12 Tips to Stay Water Safe

This post was written by Anne R. in Health & Wellness, Swimming
Water safety

Get water smart during Water Safety Week June 2-9, 2018.

North Vancouver has a variety of different types of outdoor and indoor water areas to enjoy this summer and with that water comes risks. Every year, approximately 525 Canadians die needlessly in unintentional water-related fatalities. 

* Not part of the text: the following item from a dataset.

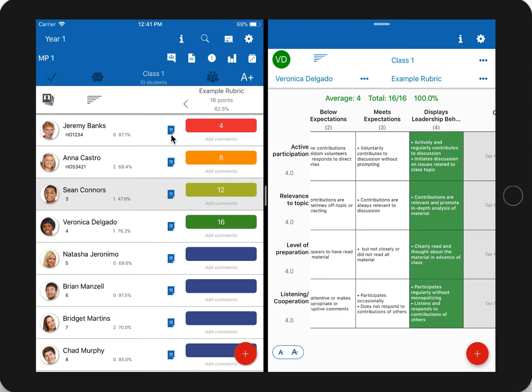I hope you find this workflow between TeacherAid and Rubric Scorer very useful. Please send feedback — I'm always happy to make life easier for teachers using these apps. Thank you and enjoy.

As part of Red Cross Water Safety Week, June 2-9, we have compiled a list of ways to keep you and your family safe while still enjoying the water.  Follow these 12 tips to ensure safety for you and your family around the water. Be sure to check out more lifesaving tips from the Red Cross. 

Active Supervision
1.    The absence of adult supervision is a factor in most child drownings. 
2.    Whether it’s a pool, bathtub, water park, or beach; always watch children around water - even if they can swim.
3.    Consider requiring all non-swimmers to wear a life jacket to keep them floating at the surface.

Backyard Pools
4.    Ensure backyard pools are completely enclosed with a self-closing, self-latching gate. North Vancouver regulations state that the pool must be self-contained, the fence must be at least 3 feet 6 inches high with no opening greater than 4 inches or with no toeholds or openings to make climbing easier and a self-closing gate with a spring latch on the pool side.
5.    Empty portable toddler pools and remove ladders from above ground pools, after each use.

Bathing Children
6.    When bathing infants or toddlers, an adult should remain with the child at all times – children should never be relied upon to supervise other children in the bath.
7.    When a child is in the bathtub, never leave for any momentary distraction, such as answering the phone.

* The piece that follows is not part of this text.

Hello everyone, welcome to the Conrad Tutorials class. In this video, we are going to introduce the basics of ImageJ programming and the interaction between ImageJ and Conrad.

8.    Diving head-first into water should be avoided unless the individual is properly trained and is sure the water is deep enough (2.7m).
9.    Avoid diving into home pools and always entre water feet-first.

Open Water
10.    Never underestimate the power of the current. Swimmers or waders can be swept away in an instant, particularly if non swimmers or weak swimmers get caught by currents in rivers or out of their depth in abrupt drop-offs.
11.    Always swim with a buddy and check weather conditions  before heading out.
12.    Life jackets are like seatbelts, they only work if you wear them and wear them properly.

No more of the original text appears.